Wells Fargo misses estimates as rate hikes hit mortgage unit

 

Bloomberg

Wells Fargo & Co. missed analysts’ earnings estimates as the Federal Reserve’s rate hikes started to cool the once-hot housing market, hurting the company’s mortgage-lendingbusiness.
Mortgage-banking income falls 79% to $287 million in the quarter, according to a statement. That missed analysts’ $392.4 million estimate and helped bring second-quarter net income down to $3.12 billion, below the $3.19 billion
analysts had expected.
The Fed’s rapid rate increases, intended to tamp down surging inflation, have helped banks’ net interest margins while threatening to squelch consumers’ demand for loans. The rising rates already have sharply reduced the number of customers refinancing their mortgages and have weighed on home-sales activity as well, Chief Financial Officer Mike Santomassimo said.
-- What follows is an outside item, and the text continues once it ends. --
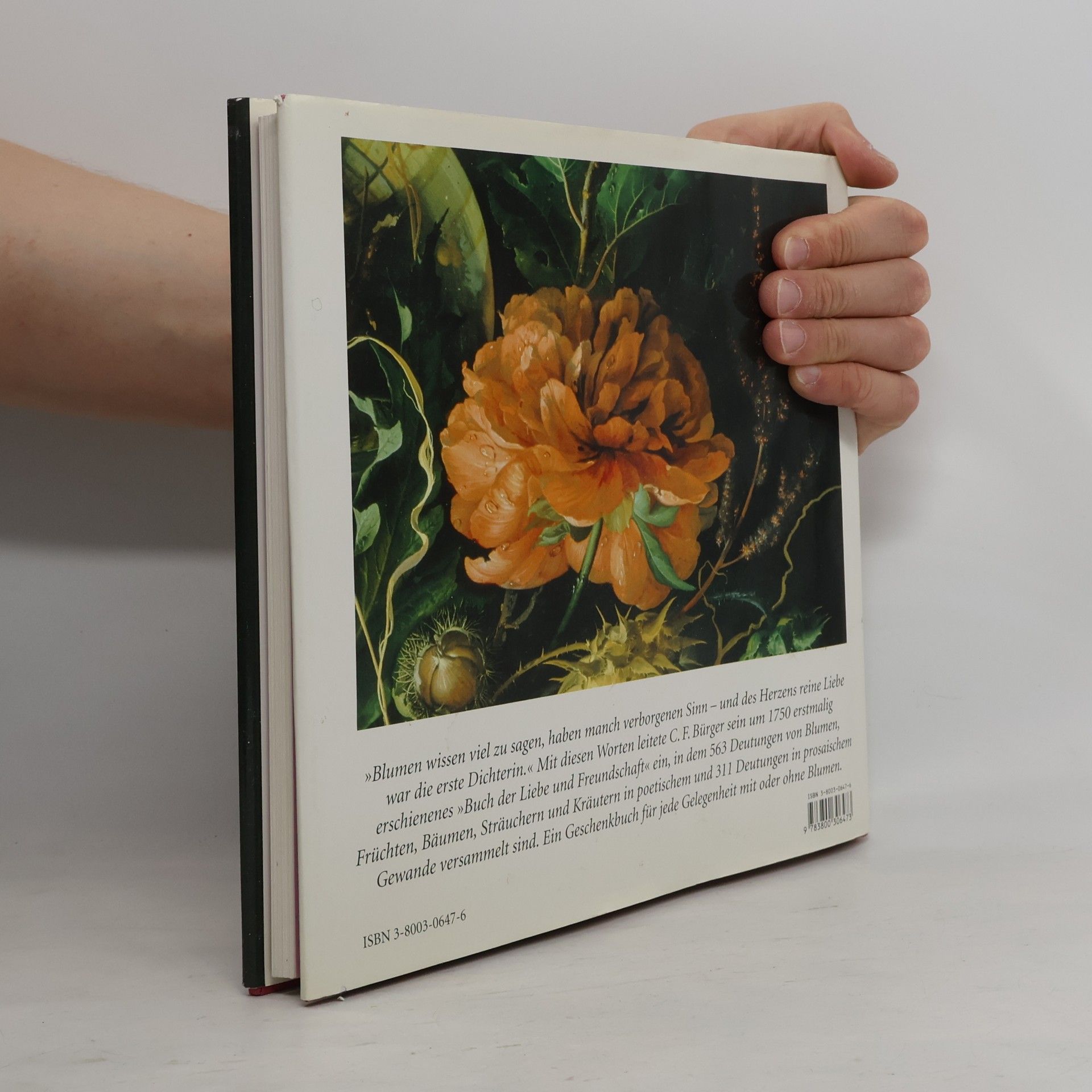 C. F. Bürger Die Blumensprache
“It will be a challenging market in the mortgage business for the next couple quarters as things start to stabilise and we see where the path of rates are going to go,” Santomassimo said on an conference call with reporters. Wells Fargo is among firms that have been laying off and reassigning staff in its mortgage division.
The lender reported a $580 million loan-loss provision, while analysts had expected $414.7 million. That marks a turnaround from a year earlier, when a $1.26 billion release of provisions padded results.
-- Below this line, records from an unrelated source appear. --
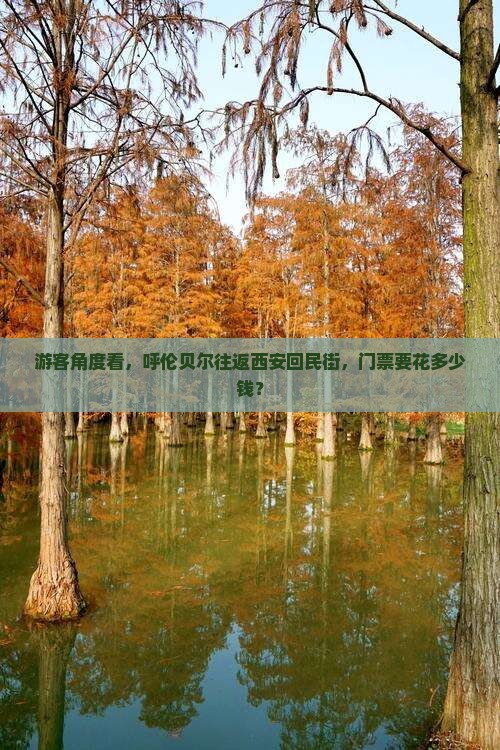 呼伦贝尔去西安回民街门票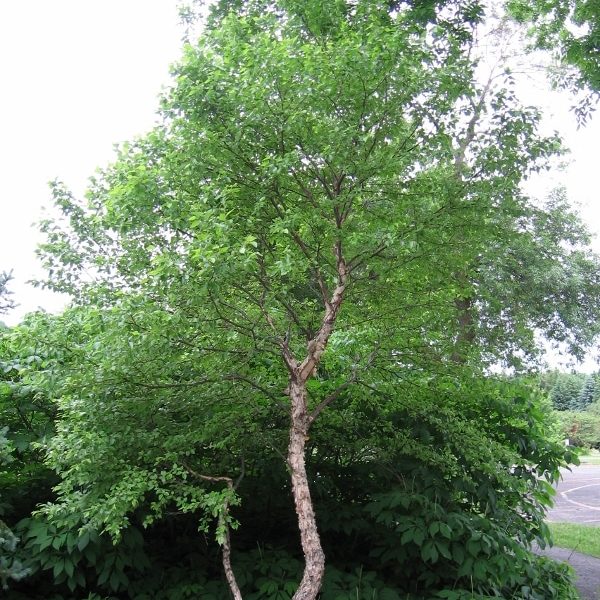 Duo Heat river Birch Betula nigra Courville Nurseries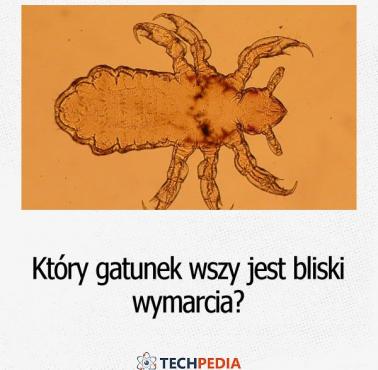 Który gatunek wszy jest bliski wymarcia?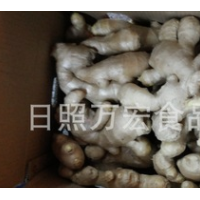生產(chǎn)工廠供應(yīng)出口生姜，風(fēng)干姜，保鮮姜。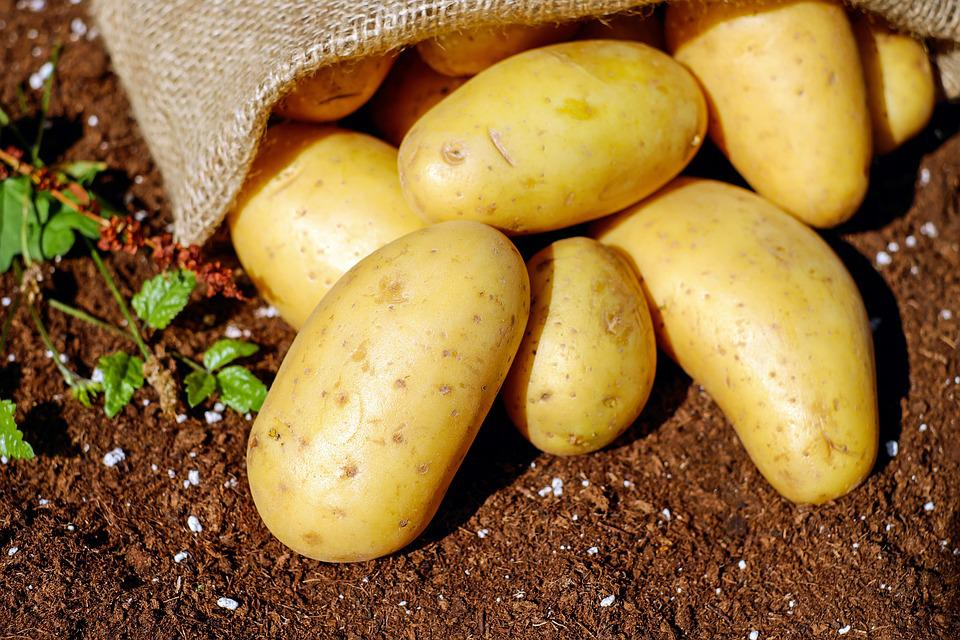 Как ростовчанам сохранить новый урожай картошки зимой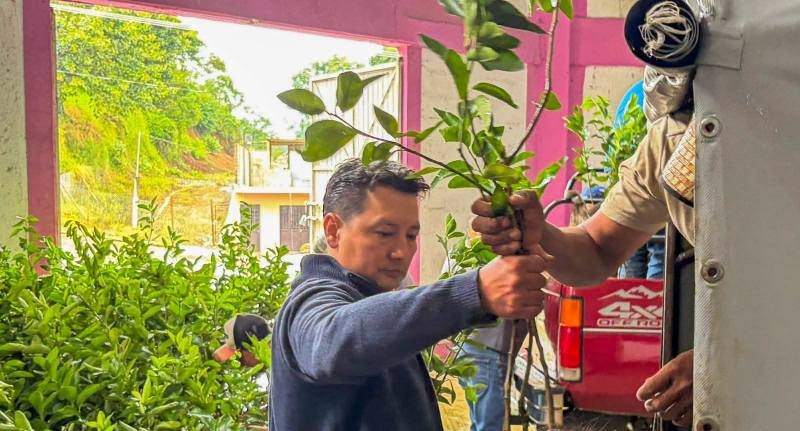 ENTREGAN ÁRBOLES DE LIMÓN A PRODUCTORES DE TOTUTLA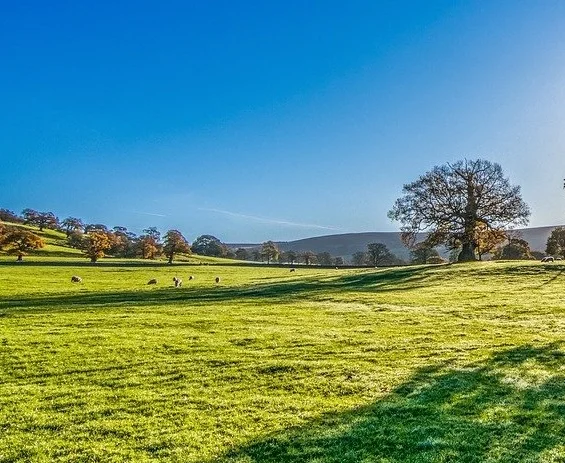  Авторское изображение взято с сайта https://pixabay.com/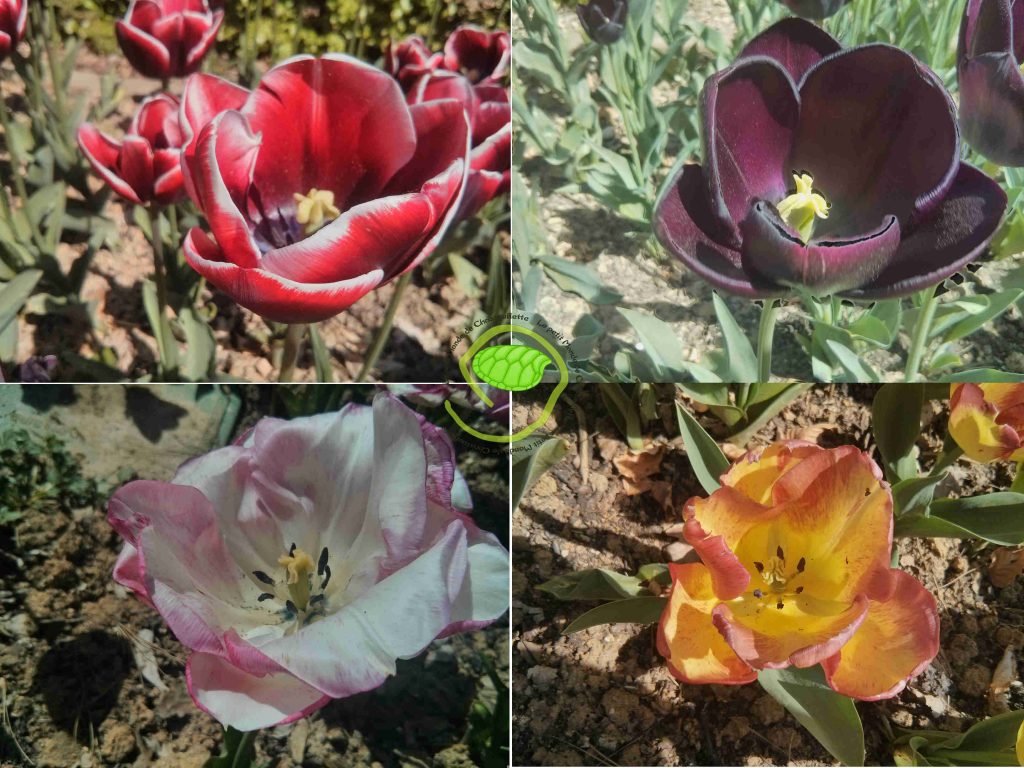 Tulipes 4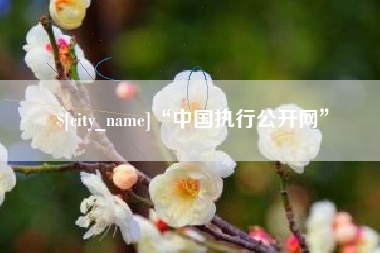 三门峡“中国执行公开网”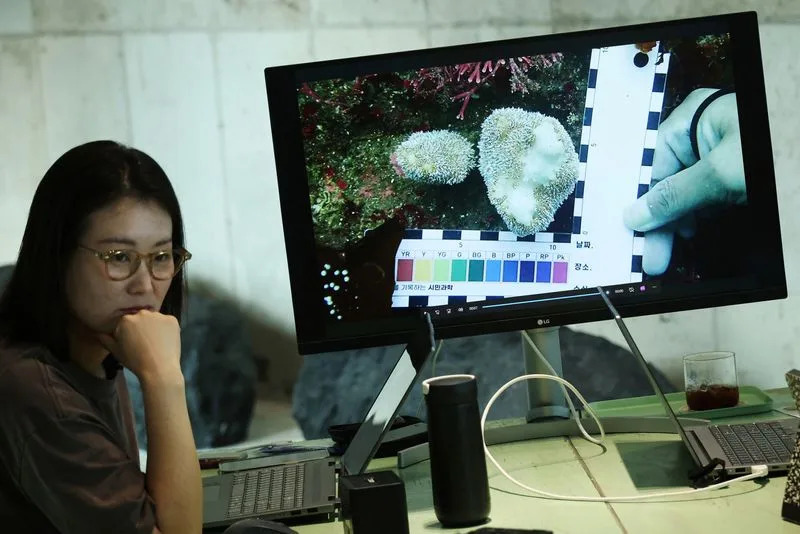 Alarm Na Jejuu: 'Propadanje' Mekih Korala Preti Morskom Ekosistemu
The report offers another look at how the biggest US lenders fared through a quarter marked by rate hikes, persistent inflation and recession fears. Rival JPMorgan Chase & Co. temporarily suspended share buybacks and reported second-quarter results that fell short of analysts’ estimates, driving its shares down 3.5%.
Wells Fargo’s net interest income rises to $10.2 billion, matching what analysts were expecting. The 16% increase demonstrates the boost banks are already getting from the Fed’s rate hikes.
Non-interest expenses were $12.9 billion in the quarter, down 3.4% from a year earlier while higher than analysts expected. Cost-cutting has been a key part of Chief Executive Officer Charlie Scharf’s plan to remake the firm since taking over almost three years ago, including by trimming the workforce. Headcount fell to 243,674 at the end of the second quarter, from 246,577 three months earlier.
Wells Fargo also remains under a costly Fed-imposed asset cap limiting its size to its level at the end of 2017. Period-end assets declined 3.3% from a year ago to $1.88 trillion.